Tuesday, October 11, 2005

Stepping in her shoes...

I went to see In Her Shoes this weekend. And while I couldn’t identify with all of the elements of the story such as the part where one sister sleeps with her sister’s boyfriend out of spite and just because she can, I did identify with that delicate balance of sisterhood. There is a closeness, a bond that we share that is hard to describe and even harder to understand.

My sister and I haven't been able to swap shoes since I was in 5th grade or so. She's 2 years younger and at least 5 inches taller, but we have had our fair share of growing pains in our relationship. As young girls we fought over dolls, toys and that strategic middle line in the backseat of the car. [You know…that imaginary dividing line between her side and my side.] As young adults, we moved on to disagreements over clothes, boys and time in the bathroom. After college, our heated discussions were about dating and marriage, spiritual things, etc.

We've had our moments of heated debate, but there has always been that delicate thread woven between the two of us that has yet to be broken. It’s been tugged and nearly snapped in two but never frayed beyond repair.

When I look back at those rough periods, I find it interesting how much has transpired and how those spats and fights are so insignificant now when at the time they seemed so huge. GOD has pulled us through some hard times and brought us closer to each other and HIMSELF on the other side. It's amazing how wonderful forgiveness really is. My sister and I don't view each other with those past wrongs in front of our faces every time we talk or get together. She's not remembering the hurtful things I've said and done, and vice versa when I talk with her, those things are far from my mind as well.
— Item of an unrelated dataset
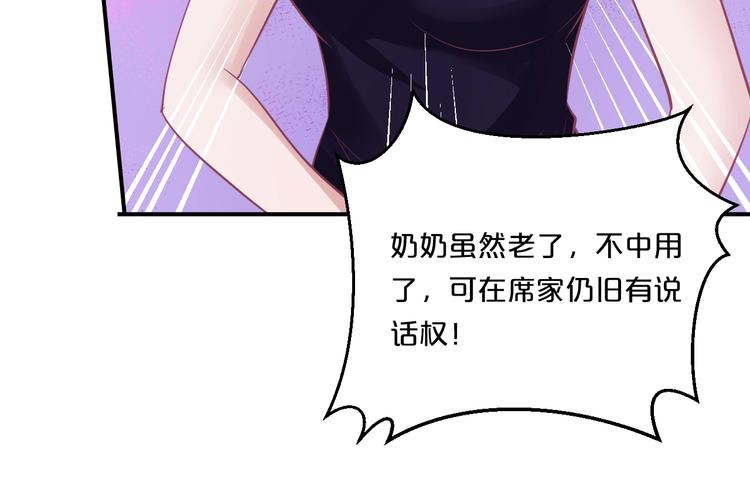 第30话 她对我的感觉97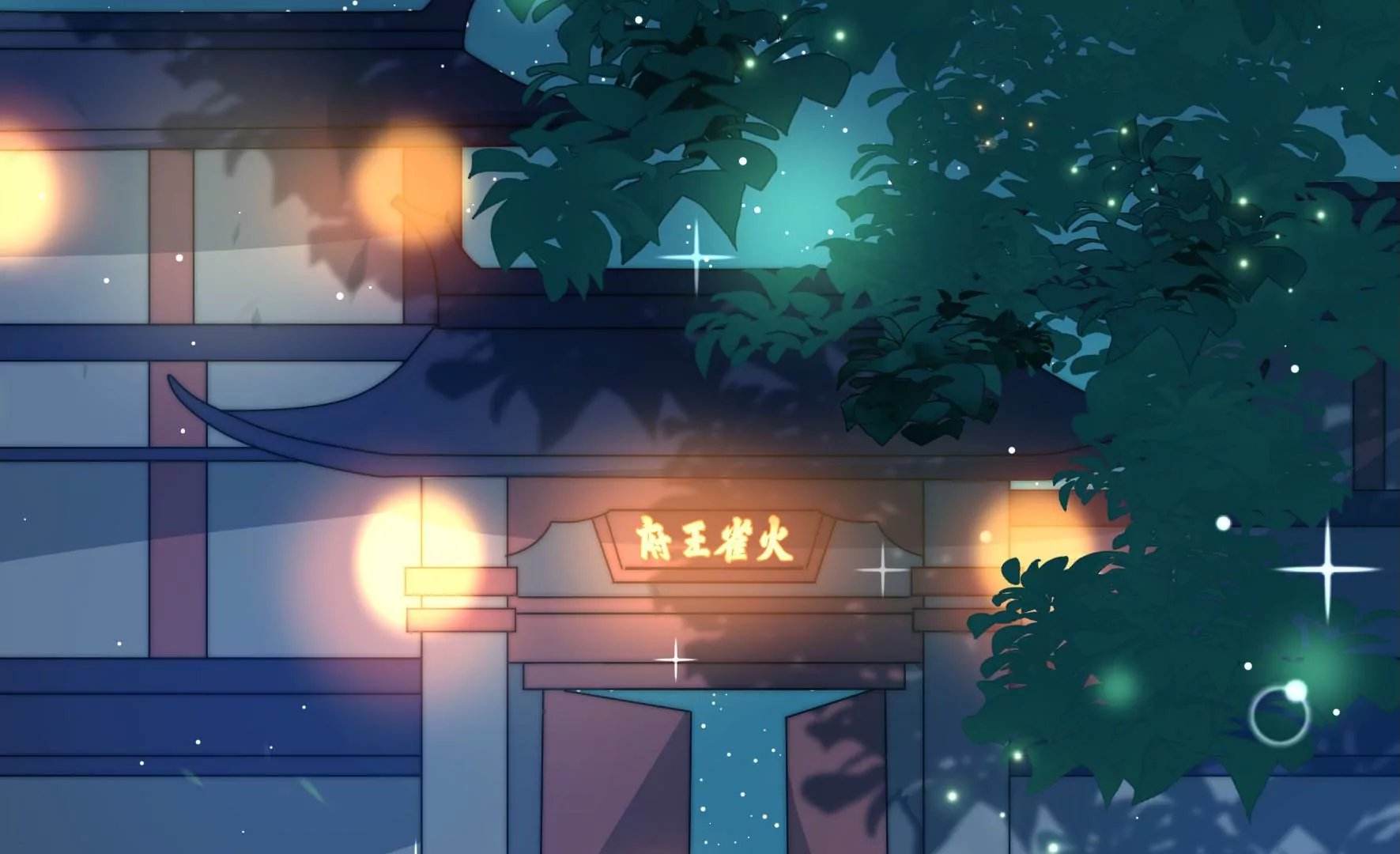 第9话 夜谈旱灾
And if imperfect sisterly love covers such wrongs, just imagine how incredible GOD's loving forgiveness really is! The fact that a perfect and holy GOD chooses to forget and forgive all of my bad, evil and ugly deeds, words and thoughts is just incomprehensible! That HE sent HIS beloved SON to stand in my shoes, as it were, and bear my punishment for me. All HE requires is a humble and broken heart that is willing to confess those sins, ask for HIS forgiveness and accept HIS gift. It takes my breath away... How can I be less than grateful?